Thank you for that suggestion. 

I'll freely admit that my understanding of this (and other) part(s) of
the code is very limited, and that you and others with an intimate
knowledge of the code probably can get much more relevant information
out of a profiler dump than I can.

So I would like to encourage you and Mike and anynone else to look at
Derby's performance. Do your own comparison with other databases using
the vm you prefer. Let us know what the results were. If performance
isn't a problem let me, and everone else that seems to think so, know
what we're doing wrong. And if it turns out that performance could be
better; do your own profiling. Propose some intelligent changes based
on what you see. Maybe I or someone else can implement it based on
your guidelines?

-- 
dt

Re: ArrayInputStream and performance

Posted by Daniel John Debrunner <dj...@apache.org>.
Dyre.Tjeldvoll@Sun.COM wrote:
> Mike Matrigali <mi...@sbcglobal.net> writes:
> 
> 
>> It would be fine to use an unchecked and/or an ASSERT based check for
>>  readFieldLengthAndSetStreamPosition.  The "store" module owns this
>> access and is not counting on limit checks to catch anything here.
> 
> Another question:
> 
> All observed calls to setLimit (single tuple select load) come from the same
> method: StoredPage.readRecordFromArray(...) 
> (setLimit is also called from readRecordFromStream() but this does not
> seem to happen with this type of load)
> 
> And the argument to setLimit()is always the local variable fieldDataLength
> which is the return value from
> StoredFieldHeader.readLengthAndSetStreamPosition().
> 
> So if readLengthAndSetStreamPosition() can update the position without
> checking, presumably the return value from this method can be trusted
> as well? Is it then necessary to check this value again in setLimit(),
> or could we have used an unchecked version of setLimit here?

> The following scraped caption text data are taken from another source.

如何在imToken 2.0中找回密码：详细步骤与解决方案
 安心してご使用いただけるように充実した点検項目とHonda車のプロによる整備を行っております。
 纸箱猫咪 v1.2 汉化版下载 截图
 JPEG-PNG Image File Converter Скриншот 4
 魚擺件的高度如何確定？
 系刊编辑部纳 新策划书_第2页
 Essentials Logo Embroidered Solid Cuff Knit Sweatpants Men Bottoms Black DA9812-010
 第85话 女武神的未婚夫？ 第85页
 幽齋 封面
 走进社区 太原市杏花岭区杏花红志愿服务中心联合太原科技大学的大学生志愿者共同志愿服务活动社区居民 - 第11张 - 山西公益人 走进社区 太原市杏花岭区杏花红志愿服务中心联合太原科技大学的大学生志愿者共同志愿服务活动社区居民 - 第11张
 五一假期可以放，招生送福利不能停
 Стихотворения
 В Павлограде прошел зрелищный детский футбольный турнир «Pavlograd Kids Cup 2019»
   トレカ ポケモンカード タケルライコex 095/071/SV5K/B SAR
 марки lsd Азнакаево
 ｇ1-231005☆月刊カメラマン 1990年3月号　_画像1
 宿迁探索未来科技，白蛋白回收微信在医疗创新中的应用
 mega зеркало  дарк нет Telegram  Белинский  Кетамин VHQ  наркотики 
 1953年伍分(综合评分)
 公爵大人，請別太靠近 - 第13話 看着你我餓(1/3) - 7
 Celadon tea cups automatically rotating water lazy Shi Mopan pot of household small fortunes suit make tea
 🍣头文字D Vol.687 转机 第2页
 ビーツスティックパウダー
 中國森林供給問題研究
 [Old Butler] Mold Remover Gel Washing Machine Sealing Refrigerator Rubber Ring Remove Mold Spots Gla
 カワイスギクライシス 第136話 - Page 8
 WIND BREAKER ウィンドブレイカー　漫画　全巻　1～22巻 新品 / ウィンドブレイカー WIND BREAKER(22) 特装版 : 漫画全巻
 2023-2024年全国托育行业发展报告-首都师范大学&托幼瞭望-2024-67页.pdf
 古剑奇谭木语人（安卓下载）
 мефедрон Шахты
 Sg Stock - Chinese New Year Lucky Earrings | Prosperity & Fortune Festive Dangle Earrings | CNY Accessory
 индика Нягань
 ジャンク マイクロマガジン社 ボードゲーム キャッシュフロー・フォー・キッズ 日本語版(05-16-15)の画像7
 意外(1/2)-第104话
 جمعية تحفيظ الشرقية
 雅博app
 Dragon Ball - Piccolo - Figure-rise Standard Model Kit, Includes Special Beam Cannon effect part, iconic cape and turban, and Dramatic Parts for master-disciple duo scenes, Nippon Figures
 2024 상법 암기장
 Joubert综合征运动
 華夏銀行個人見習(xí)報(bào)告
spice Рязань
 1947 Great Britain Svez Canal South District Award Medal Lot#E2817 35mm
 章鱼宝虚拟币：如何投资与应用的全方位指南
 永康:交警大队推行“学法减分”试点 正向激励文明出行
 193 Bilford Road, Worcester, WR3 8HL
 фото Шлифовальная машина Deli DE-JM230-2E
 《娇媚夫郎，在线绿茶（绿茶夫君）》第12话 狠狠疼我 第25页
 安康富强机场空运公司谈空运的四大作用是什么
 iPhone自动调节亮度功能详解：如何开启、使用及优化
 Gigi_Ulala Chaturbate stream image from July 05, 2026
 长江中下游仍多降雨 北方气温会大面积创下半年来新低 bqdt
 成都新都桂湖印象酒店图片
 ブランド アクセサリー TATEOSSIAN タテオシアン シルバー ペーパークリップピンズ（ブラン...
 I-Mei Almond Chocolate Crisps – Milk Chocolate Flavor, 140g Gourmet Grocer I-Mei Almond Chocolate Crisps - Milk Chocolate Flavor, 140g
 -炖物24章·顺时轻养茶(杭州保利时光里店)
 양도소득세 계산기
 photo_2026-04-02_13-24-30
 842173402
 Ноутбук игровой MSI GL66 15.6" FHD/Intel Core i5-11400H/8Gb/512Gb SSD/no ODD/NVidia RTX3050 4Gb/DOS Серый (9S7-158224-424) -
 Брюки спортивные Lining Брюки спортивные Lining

I'm worried by this approach of removing checking of the limit or the 
position, it's much like saying we don't needs bounds checking on arrays 
because I know my code is correct.

The current code provides some protection from a software bug, corrupted 
page or hacked page. Removing those checks may lead to hard to detect 
bugs where a position and/or limit is calculated incorrectly and 
subsequently leads to corrupted data or random exceptions being thrown.

My feeling is that the integrity of the store and the code is better 
served by keeping these checks.

I also think we need more performance numbers to justify such a change, 
a single set of runs from a single vm does not justify it. I will run 
numbers on linux with a number of vm's when I get the chance.

Also often in these cases it is better to try and optimize at a higher 
level, rather than try to optimize at the lowest level (especially when 
removing such checks). In this case see if the number of calls to 
setLimit() or setPosition() could be reduced rather than 
micro-optimizing these methods by changing their core functionality.

As an example the setLimit() call around the readExternalFromArray 
method. Maybe this responsibility could be pushed into the data type 
itself, and for some builtin types we trust their read mechanism to read 
the correct amount of data. E.g. reading a INTEGER will always read four 
bytes, so no need to set a limit around it. The limit is pushed there to 
support types that do not know their length on disk (e.g. some character 
types, some binary types, user defined types) and was to support 
arbitrary user types when the engine cannot trust or require that the 
de-serialization will read the complete stream and only its data.

Dan.


Re: ArrayInputStream and performance

Posted by Dy...@Sun.COM.
Mike Matrigali <mi...@sbcglobal.net> writes:


> It would be fine to use an unchecked and/or an ASSERT based check for
>  readFieldLengthAndSetStreamPosition.  The "store" module owns this
> access and is not counting on limit checks to catch anything here.

Another question:

All observed calls to setLimit (single tuple select load) come from the same
method: StoredPage.readRecordFromArray(...) 
(setLimit is also called from readRecordFromStream() but this does not
seem to happen with this type of load)

And the argument to setLimit()is always the local variable fieldDataLength
which is the return value from
StoredFieldHeader.readLengthAndSetStreamPosition().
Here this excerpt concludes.